• **WHAT THE TASK REQUIRES**:
Print this span of the material below exactly: the line with "Tilcara Rustica Hostel Extérieur photo", the line with "Vogelvoeder Schaal Kaki", and every line between them, but nothing else.

• **DATA SECTION**:
══════
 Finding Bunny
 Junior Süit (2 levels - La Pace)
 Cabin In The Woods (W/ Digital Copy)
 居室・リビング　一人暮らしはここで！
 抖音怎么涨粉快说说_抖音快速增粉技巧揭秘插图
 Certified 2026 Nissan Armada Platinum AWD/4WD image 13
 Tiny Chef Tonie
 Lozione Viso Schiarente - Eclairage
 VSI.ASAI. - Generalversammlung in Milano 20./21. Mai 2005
══════
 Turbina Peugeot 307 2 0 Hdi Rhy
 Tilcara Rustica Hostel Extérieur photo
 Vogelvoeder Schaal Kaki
══════
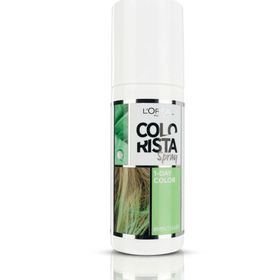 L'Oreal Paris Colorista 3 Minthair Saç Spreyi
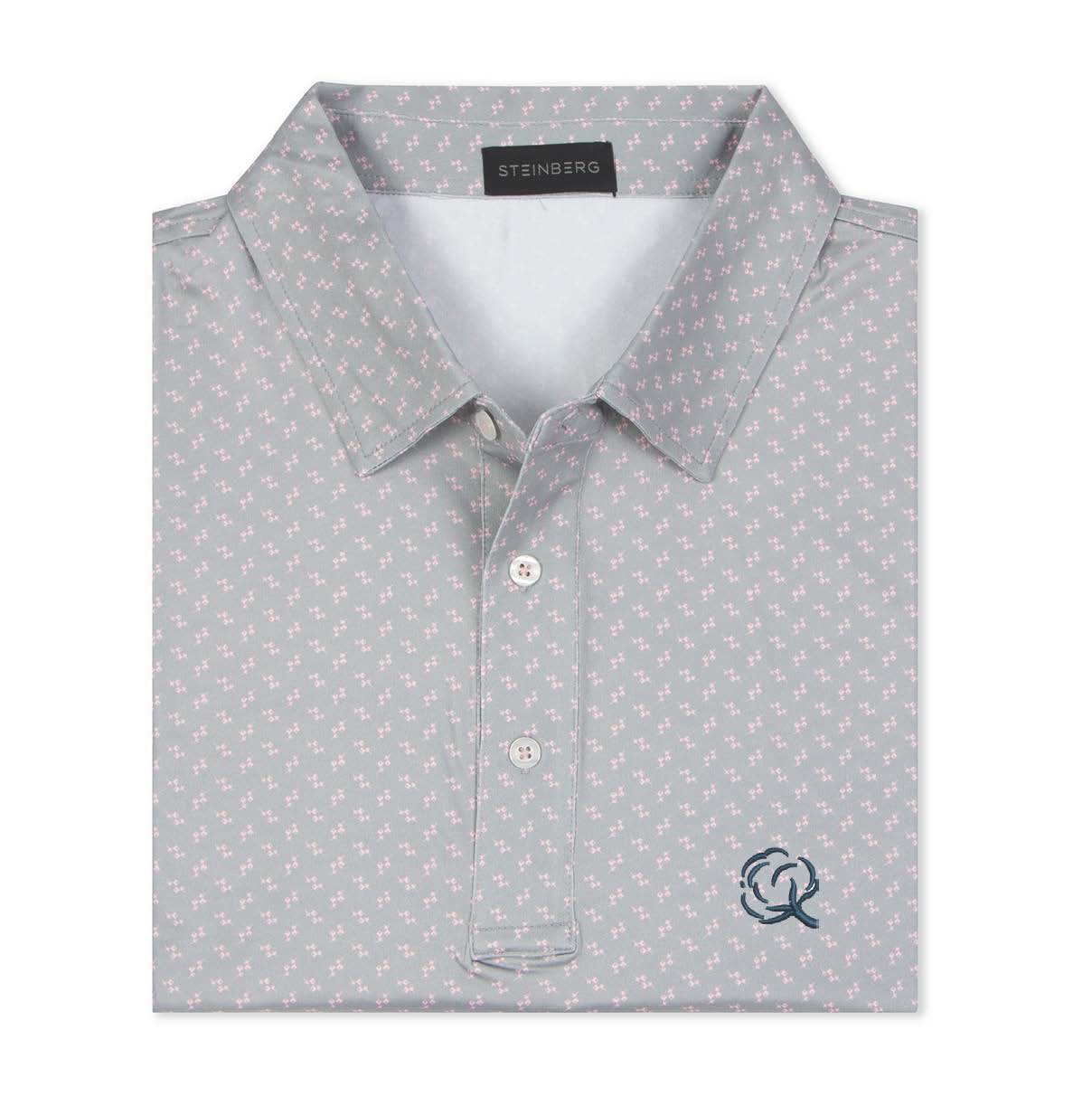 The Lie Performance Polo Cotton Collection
══════
• **SOLUTION TO THIS TASK**:
 Tilcara Rustica Hostel Extérieur photo
 Vogelvoeder Schaal Kaki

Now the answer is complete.